[developers] Hacking the DELPH-IN framework for a null morpheme: a semi-success

Emily M. Bender ebender at uw.edu
Fri May 10 18:48:00 CEST 2019

Thanks, David. We have switched it for a different character and ace is

On Fri, May 10, 2019 at 9:11 AM David Inman <davinman at uw.edu> wrote:

> No, I just ended up falling back to the LKB.
> The ! represents a [+glottalic] component on the preceding segment, and
> it's possible to use another symbol to indicate it if you need ace to work.
> David Inman
> PhD Candidate
> University of Washington Linguistics
> On Fri, May 10, 2019 at 7:07 AM Emily M. Bender <ebender at uw.edu> wrote:
>> We just hit this same problem with the Nuuchahnulth grammar in 567 --- it
>> contains irules like this one:
>> noun-pc105_lrt1-suffix :=
>> %suffix (* =\!iˑ)
>> noun-pc105_lrt1-lex-rule.
>> ... where ace doesn't seem to be respecting the \ escaping the !. David,
>> did you ever find a resolution here?
>> Emily
>> On Fri, Apr 12, 2019 at 12:33 PM David Inman <davinman at uw.edu> wrote:
>>> As Emily indicated, the prefixes always attach first, followed by the
>>> suffixes. The two LKB parses are identical.
>>> I'm having difficulty parsing with Ace, apparently due to special
>>> symbols. Once I introduce clitics with = I get the following:
>>> ERROR: morpho: no such letter set as `a'
>>> I had other problems in ace previously so just switched to LKB.
>>> David Inman
>>> PhD Candidate
>>> University of Washington Linguistics
>>> On Fri, Apr 12, 2019 at 9:44 AM Woodley Packard <sweaglesw at sweaglesw.org>
>>> wrote:
>>>> Hi Stephan,
>>>> I agree that the ambiguity you reference, and that David and Emily
>>>> believe they are experiencing, and I also alluded to a few emails ago,
>>>> exists in principle and might be interesting in some situations.  I would
>>>> be surprised to see it result in two identical uninflected lexical edges in
>>>> the chart, however, at least in ACE’s current implementation.  The
>>>> ambiguity arises as a result of two ways to apply the first rule, not from
>>>> two different lexical starting places.  Furthermore I didn’t (?) think ACE
>>>> was set up to generate multiple output edges from a single rule/daughter
>>>> combination, as I maintain would be required for this ambiguity.
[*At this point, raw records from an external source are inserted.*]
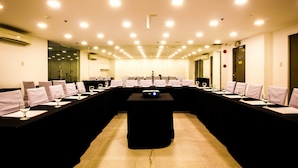 A conference room with a long table, chairs, and a projector. - Jade Hotel & Suites (Makati)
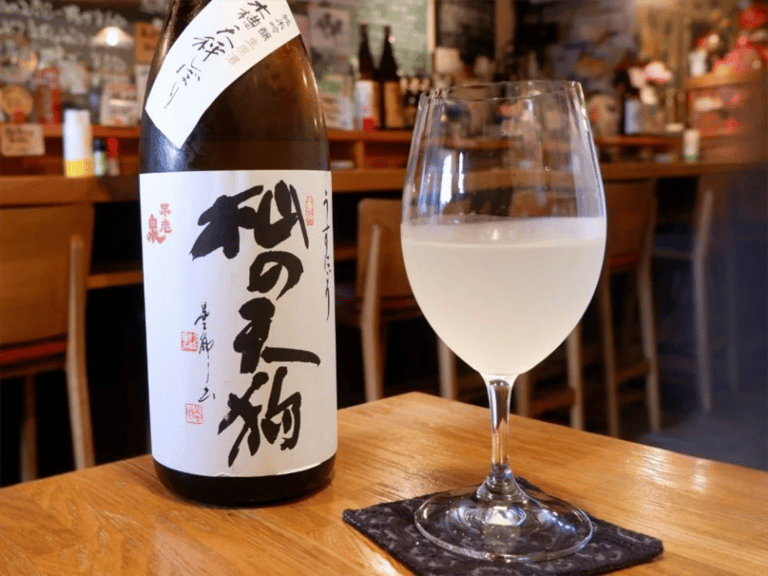 accessible kyoto sake tour nigori sake bottle and wine glass 768x576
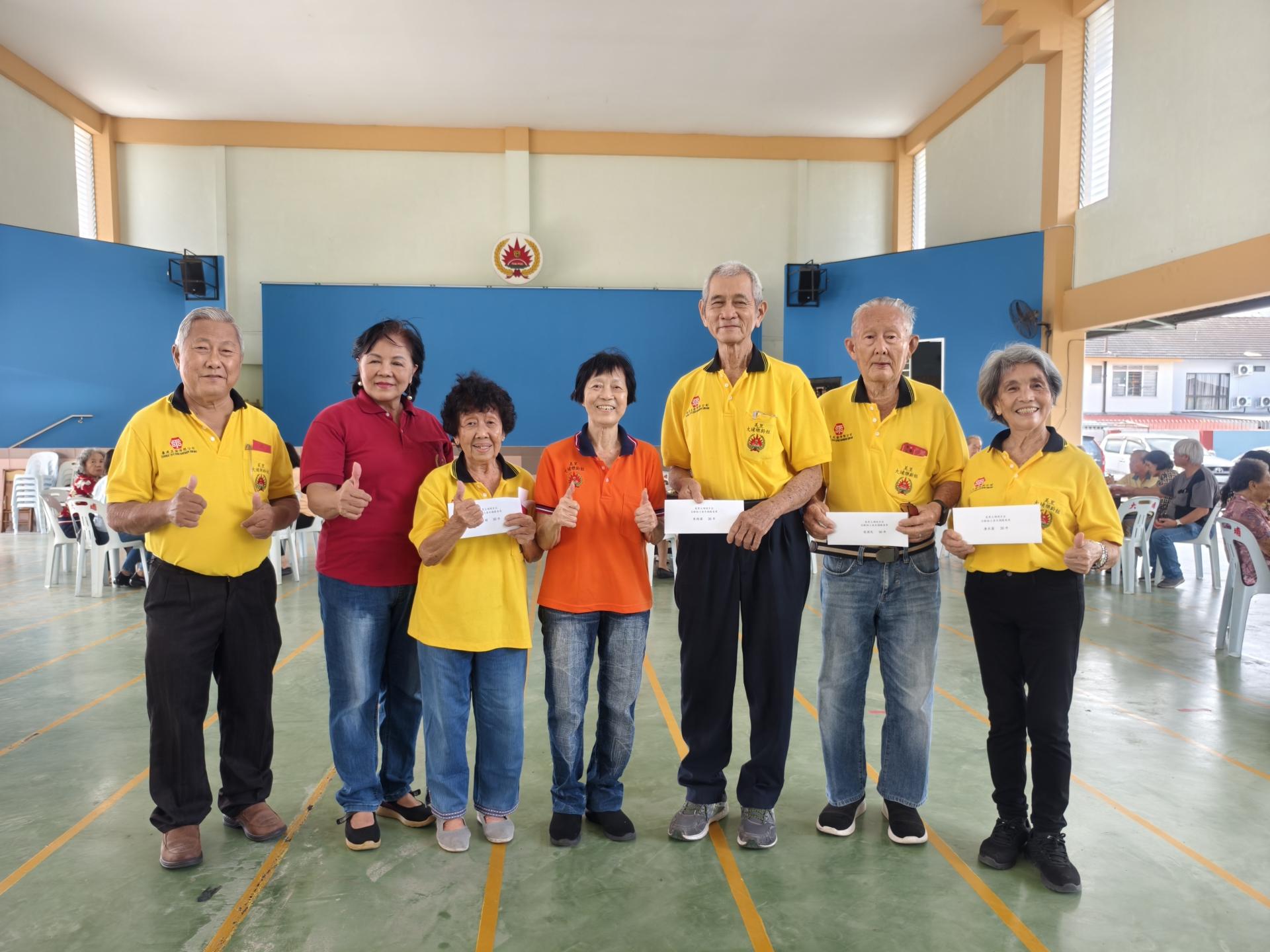 美里大埔同乡会乐龄组主任罗玉莲（中）颁发乐龄组长期服务奖表扬4位服务超过30年的工委，分别为朱维谋（右3）、连国民（右2）、唐水菊（右1）及陈素娟（左3）合影。左起为杨贤曾及甲必丹陈彩萍。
>>>> To the question of whether ace blocks that ambiguity: the only
>>>> difference would be in the ORTH feature of the two intermediate edges, I
>>>> suppose.  Until recently ACE did not even write orthographemic changes to
>>>> that feature.  I suppose at the moment it arbitrarily picks one or the
>>>> other.  Just now it seems that approach could theoretically result in
>>>> inadvertently taking an orthographemic dead-end, although I’m not aware of
>>>> that issue ever coming up in practice.  I think I could be persuaded that
>>>> the right thing to do would be to generate both variants (from just one
>>>> source lexical edge), but before implementing that I think an appropriate
>>>> improvement to UDF would be in order.
>>>> Enjoy the train ride!
>>>> Woodley
>>>> On Apr 12, 2019, at 9:15 AM, Stephan Oepen <oe at ifi.uio.no> wrote:
>>>> hi woodley, and all,
>>>> i would have thought our current engines are quite capable of
>>>> generating seemingly duplicate derivations, owing to incomplete information
>>>> being recorded about orthographemic segmentation.  in fact, i believe i
>>>> recall at least JaCY exposing this phenomenon in the LKB and PET.
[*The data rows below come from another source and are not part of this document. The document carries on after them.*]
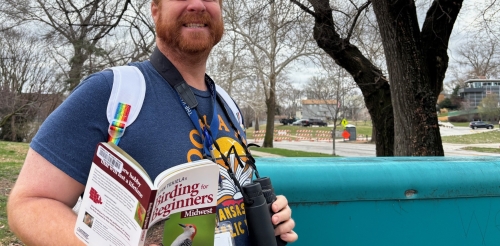 Ruiz Branch Manager Jimmy Thomas models a birdwatching kit near the branch sign.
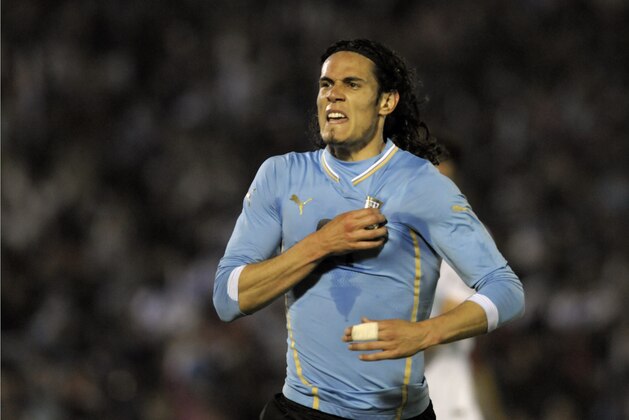 Uruguay's Edinson Cavani celebrates after scoring against  Slovenia during a friendly soccer match in Montevideo, Uruguay, Wednesday, June 4, 2014. (AP Photo/Matilde Campodonico)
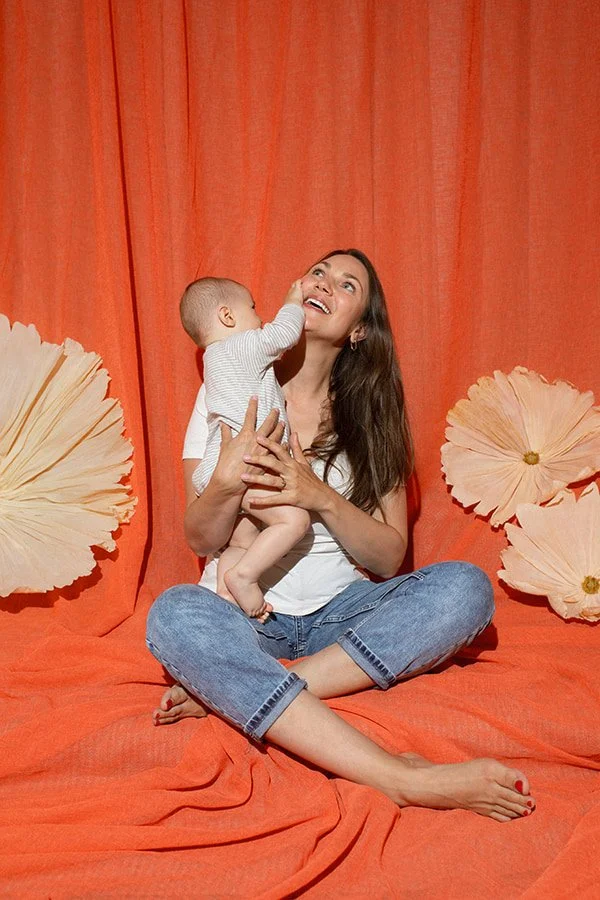 Close-up of mother holding her baby during an intimate motherhood photography session in Malmö. Natural family portrait capturing connection and tenderness for Mors Dag memories.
>>>> assume two orthographemic rules, each with two subrules (which both can
>>>> apply to some stem), maybe something like:
>>>> one :-
>>>> %suffix (* s) (e ss)
>>>> [...].
>>>> two :=
>>>> %suffix (!s !sed) (s ssed)
>>>> [...].
>>>> not sure the above is quite right, but i want to allow two chains
>>>> through these rules that only differ in the internal string segmentation,
>>>> e.g. assuming a stem ‘fore’ and a final surface form ‘foressed’:
>>>> fore one fores two foressed
>>>> fore one foress two foressed
>>>> from what i recall about at least the PET implementation, i would
>>>> expect the above to result in two distinct lexical sub-trees whose
>>>> derivations in current UDX will look alike (and which are guaranteed to
>>>> immediately pack)
>>>> would you expect to block such ambiguity (in ACE)?  if so, on what
>>>> basis, and which of the two variants should prevail?
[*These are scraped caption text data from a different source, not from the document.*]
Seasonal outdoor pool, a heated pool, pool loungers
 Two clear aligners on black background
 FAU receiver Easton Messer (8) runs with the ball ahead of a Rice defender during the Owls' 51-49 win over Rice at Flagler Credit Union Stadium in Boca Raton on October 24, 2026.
>>>> —ever since yi and others started retracing (with some effort) the
>>>> exact string-level effects of orthographemic nodes in our derivations i
>>>> have been thinking we should extend UDX and probably both record which
>>>> affixation sub-rule applied, and what the strings at the ‘top’ and the
>>>> ‘bottom’ looked like.
>>>> would this extra information seem adequate and sufficient to you (and
>>>> others)?  if so, i would like to try and work out how to extend the UDX
>>>> syntax, while maintaining backwards compatibility.
>>>> greetings from the train to finse 1222!  oe
>>>> On Fri, 12 Apr 2019 at 06:51 Woodley Packard <sweaglesw at sweaglesw.org>
>>>> wrote:
>>>>> Hi David,
>>>>> If I understand correctly you have a lexical entry whose orthography
>>>>> in the lexicon is “=0” but which only ever appears in combination with the
>>>>> prefix or suffix or both, which lets you cover up the fact that the =0 was
>>>>> ever there.  Sounds reasonable to me.
>>>>> Forgive me if this is too obvious and not what’s going on, but:
>>>>>  getting two parses when both suffix and prefix are present seems likely to
>>>>> be caused by unconstrained order of application of those rules.  Have you
>>>>> checked whether the two parses you get have the rules applying in opposite
>>>>> orders?  If so, the solution is simply to constrain things so that one of
>>>>> them cannot consume the other’s output.
>>>>> If on the other hand the two parses have identical derivations then
>>>>> the result is unexpected — at least under the currently used definition of
>>>>> derivation trees.  There have been suggestions that derivations with
>>>>> different internal inflected string values resulting from different
>>>>> subrules of the %prefix and %suffix mechanisms should be considered
>>>>> distinct (and that those should be recorded as part of the derivation
>>>>> tree), but to my knowledge none of our systems supports that yet, nor do I
>>>>> believe a format has been decided upon.
>>>>> Best,
>>>>> Woodley
>>>>> On Apr 11, 2019, at 8:56 PM, David Inman <davinman at uw.edu> wrote:
>>>>> Hello developers,
>>>>> I am using the irules to define a null morpheme by having prefixes and
>>>>> suffixes overwrite a string (=0, 3rd person marking on a clitic complex)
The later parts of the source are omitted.